Work order:
The lines to transcribe begin with the one containing "SCHMIDT BROS. Acacia" and end with the last line below; reproduce them exactly, without the pictures.

Data provided:
+---+

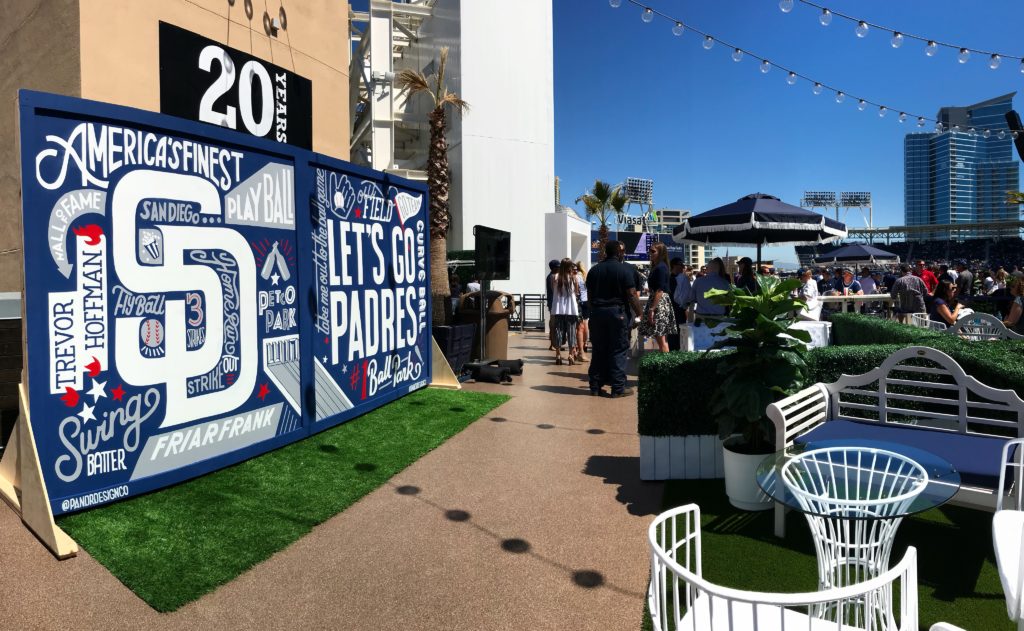 Custom Hand Painted Free Standing Padres MLB Baseball Team Mural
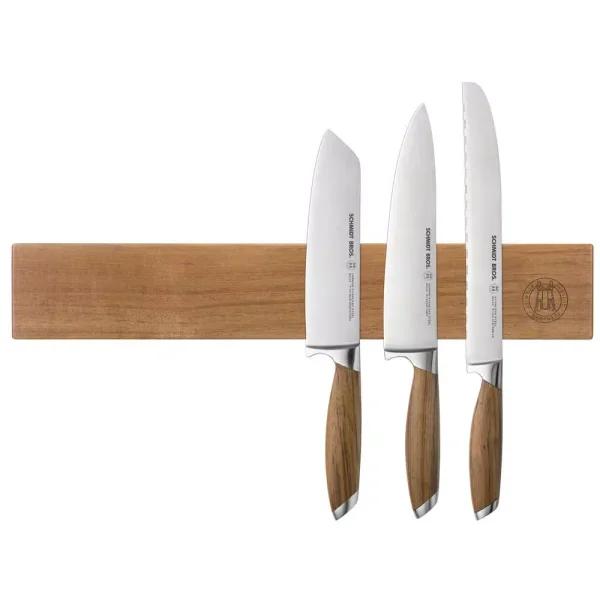 SCHMIDT BROS. Acacia Wood 18 in. Magnetic Knife Bar Wall Mount Storage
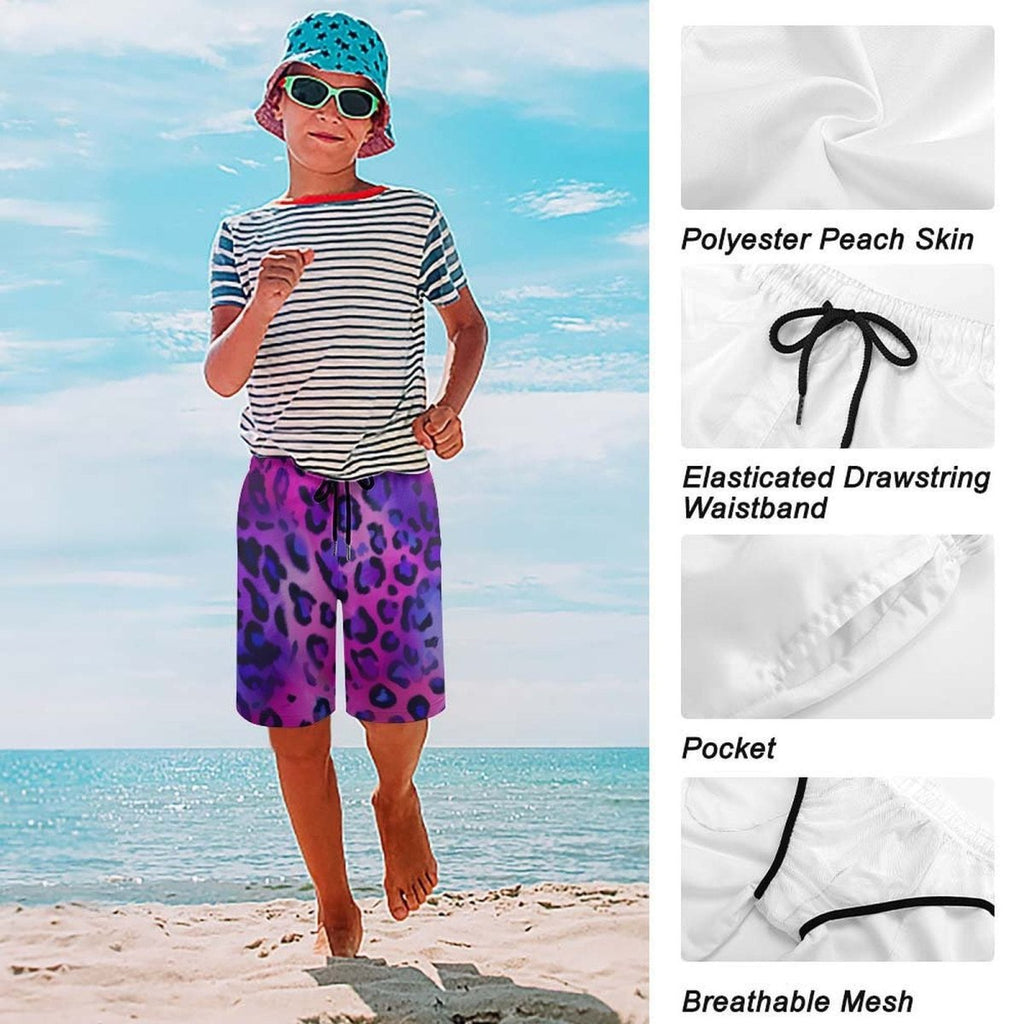 Kids Leopard Print Board Shorts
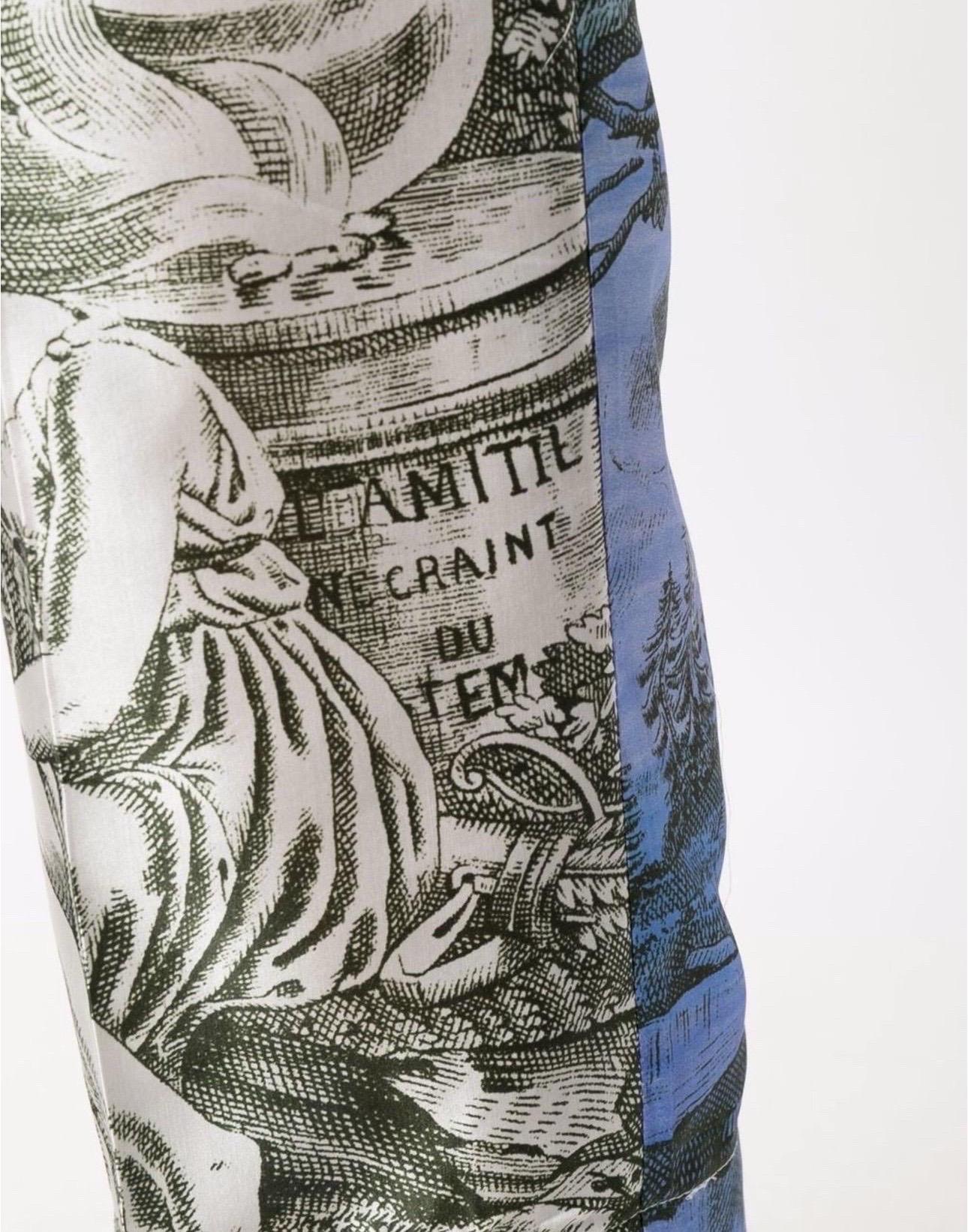 Grigio NUOVO F.R.S. For Restless Sleepers FRS Pantaloni stampati in misto seta XS in vendita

+---+

Response to the exercise:
 SCHMIDT BROS. Acacia Wood 18 in. Magnetic Knife Bar Wall Mount Storage
 Kids Leopard Print Board Shorts
 Grigio NUOVO F.R.S. For Restless Sleepers FRS Pantaloni stampati in misto seta XS in vendita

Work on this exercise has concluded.